The timber industry in Oregon is the third largest in the state, generating $18 billion and 70,000 jobs in 2016. Just under 50 percent of the state itself is forest. Logging trucks are as ubiquitous on the highways here as Subarus.
It’s a complex topic, but in short, after federal regulations in the ‘90s (remember the spotted owl?) moved logging off of federal lands, private landowners stepped in to fill the void. Now, three-quarters of the logging in the state is on private land. The state, eager to help bridge the financial gap from the ban on federal logging, kept taxes low for the private timberland owners. As a result, many of the towns now being hard hit by wildfires have suffered from a lack of logging tax revenue for years now. Reporters at ProPublica estimate that timber-dependent towns in Oregon missed out on about $2.2 billion in tax dollars from logging since 1991.

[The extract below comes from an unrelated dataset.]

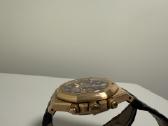 Audemars Piguet Royal Oak - nuotraukos Nr. 7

The large, private companies logging the forests of Oregon are not good stewards of the land, either. They log on a faster cycle and plant tree farms rather than managing existing forests. They organized themselves to take every advantage of the tax structures around private land ownership in the state, gobbling up 40 percent of the privately owned timberlands in Oregon.

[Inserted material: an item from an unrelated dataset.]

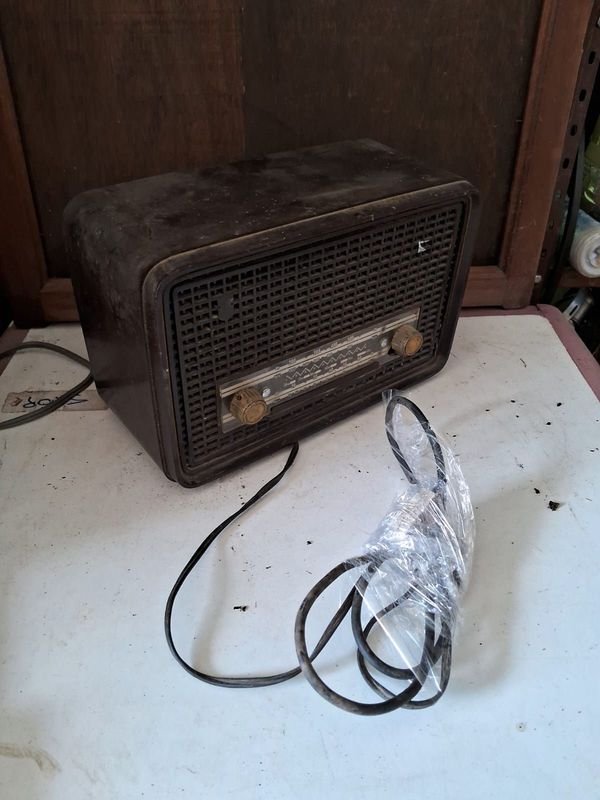 Item 626933 - Image 11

Monied interests have always manipulated the government and the land itself. The history of Oregon doesn’t prove otherwise. In 1905, Oregon’s Land Fraud trials zeroed in on a scheme wherein land meant to be sold to settlers by the federal government to encourage development along the railroad was instead routed to private timber companies. Barflies in Portland saloons were enlisted as proxies to buy the land at a cheap price and flip it to timber interests; the scandal eventually engulfed one of Oregon’s U.S. Senators.
[This is where the Economist would be put a photo with a caption like “Choppy roads ahead” or “Needling a solution”]
All of which is to say, the problems that Oregon has as a state, the U.S. has as a country and that capitalism has as a system are not new, but they’re just as frustrating now as 120 years ago. The Robber Barons of this gilded age look a little different—the vests are fleece and don’t have room for pocketwatch fobs—but the song remains the same. Extract, extract, extract. When there’s no incentive to invest back in local communities, we’re left with towns that are effectively hollowed out, unable to fund new roads or libraries and powerless to claim the money that should have been theirs in the first place.
The timber industry is top of mind again because of the wildfires responsible for the poisonous fog blanketing much of the Willamette Valley. Clearcutting and tree farming, practiced by those private timber companies, seem to make forest fires worse. Earlier this year, Oregon Republicans in the state legislature walked out to deny Democrats a quorum on a sure-to-pass cap-and-trade bill, which thereby killed a bill specifically addressing wildfire management issues. One of the Republican senators who walked out lost his home to the fires this week. Yeah, I really do think.
We like to say that the forests are the lungs of the earth. One of the things that I love about this state is the air, fresh and clear in the mountains, salty by the sea and always alive. Now, when I can see it better than I can breathe it, I wish that we had treated our lungs better all along. We may never be able to breathe easy again.